┌────────
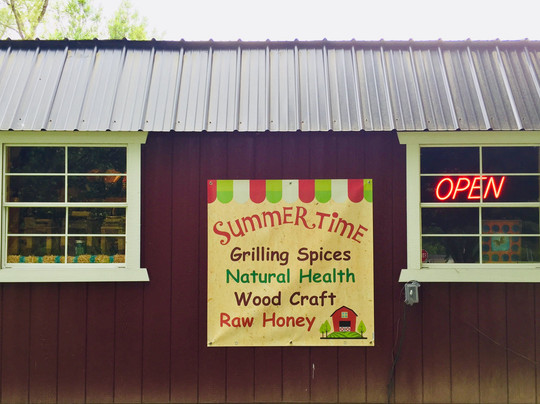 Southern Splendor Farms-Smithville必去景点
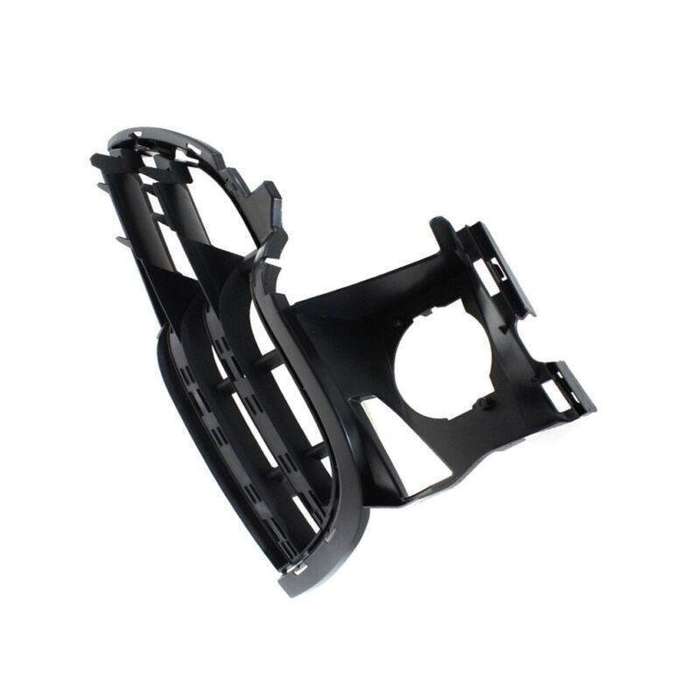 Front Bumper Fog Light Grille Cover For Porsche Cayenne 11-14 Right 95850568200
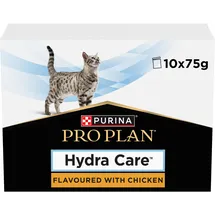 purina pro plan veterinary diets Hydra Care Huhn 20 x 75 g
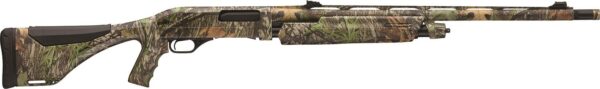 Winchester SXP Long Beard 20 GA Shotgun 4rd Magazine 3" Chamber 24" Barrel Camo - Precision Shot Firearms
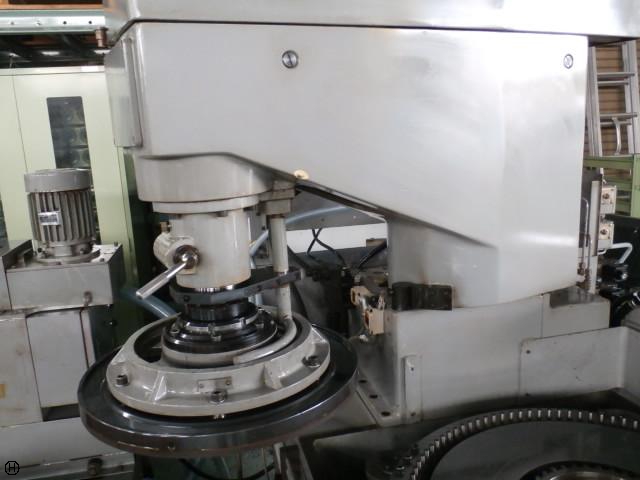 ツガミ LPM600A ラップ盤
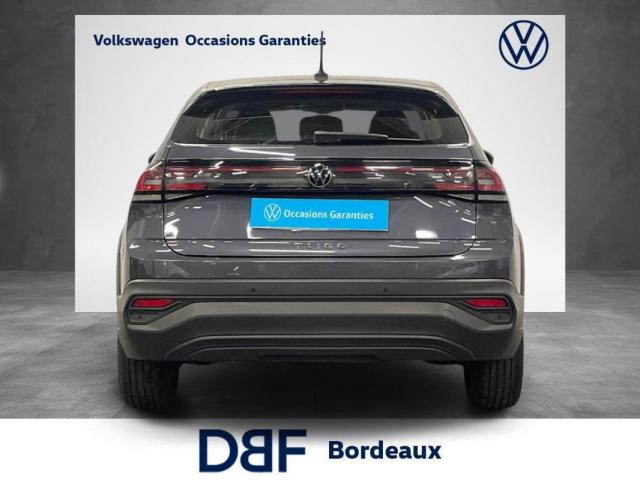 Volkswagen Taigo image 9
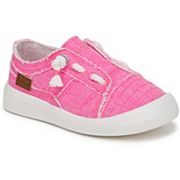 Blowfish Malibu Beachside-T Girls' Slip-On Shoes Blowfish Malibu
└────────
┌────────
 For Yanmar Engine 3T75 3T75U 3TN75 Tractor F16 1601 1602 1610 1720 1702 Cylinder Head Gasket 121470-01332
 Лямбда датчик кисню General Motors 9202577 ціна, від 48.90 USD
└────────
┌────────
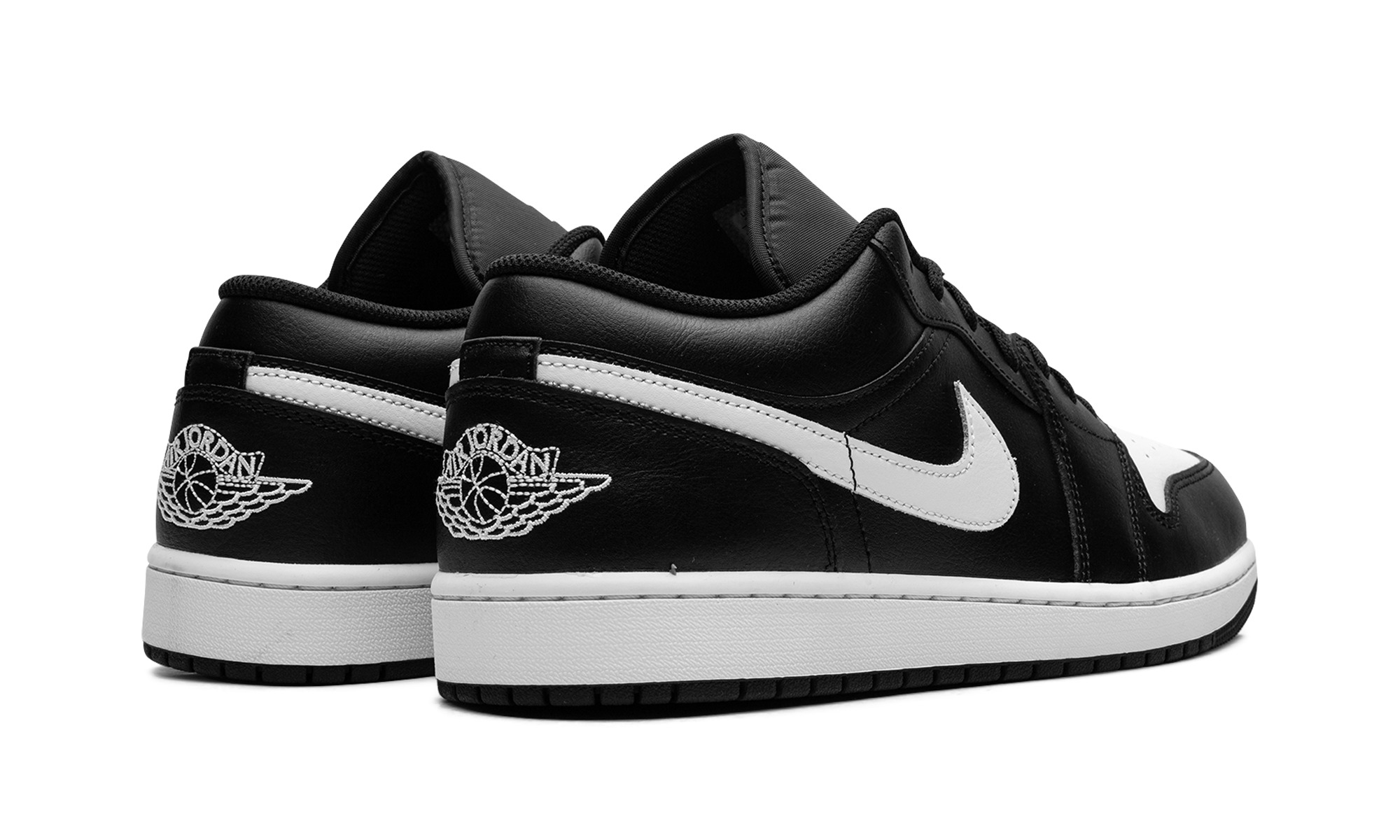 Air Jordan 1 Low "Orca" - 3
└────────
With the pictures omitted, copy exactly the lines of the listing above starting at the line containing "Volkswagen Taigo image 9" and ending at the line containing "Blowfish Malibu Beachside-T", both included.

● COMPLETED EXERCISE
 Volkswagen Taigo image 9
 Blowfish Malibu Beachside-T Girls' Slip-On Shoes Blowfish Malibu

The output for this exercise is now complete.